Provided data ->
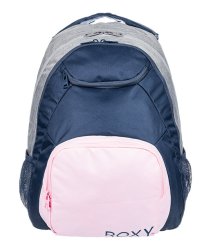 Dámský batoh Roxy Shadow Swell Colorblock W - modrá
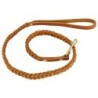 Cloud7® Handleine Central Park camel-gold, Gr. L, Breite: ca. 2,0 cm, Länge: ca. 110 cm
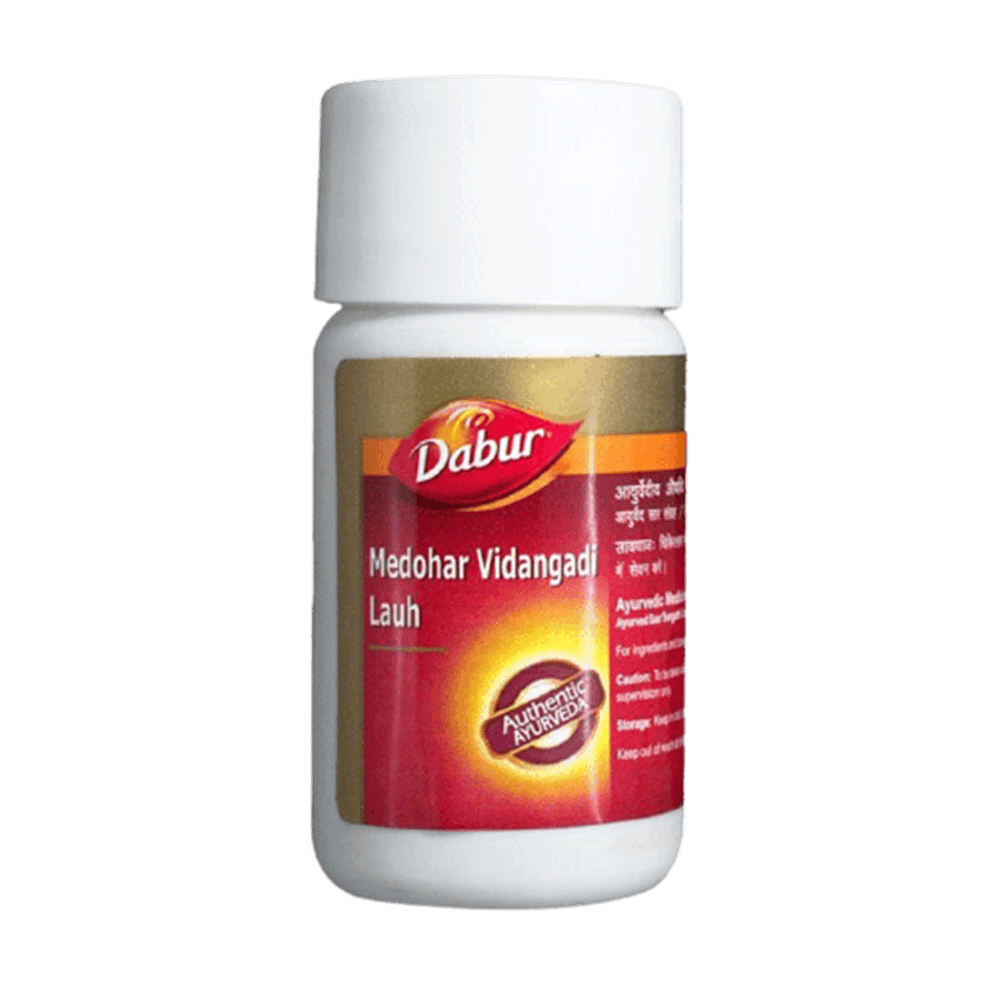 Dabur Medohar Vidangadi Lauh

What to work on -> Return the material above verbatim, minus the pictures.

Reply ->
 Dámský batoh Roxy Shadow Swell Colorblock W - modrá
 Cloud7® Handleine Central Park camel-gold, Gr. L, Breite: ca. 2,0 cm, Länge: ca. 110 cm
 Dabur Medohar Vidangadi Lauh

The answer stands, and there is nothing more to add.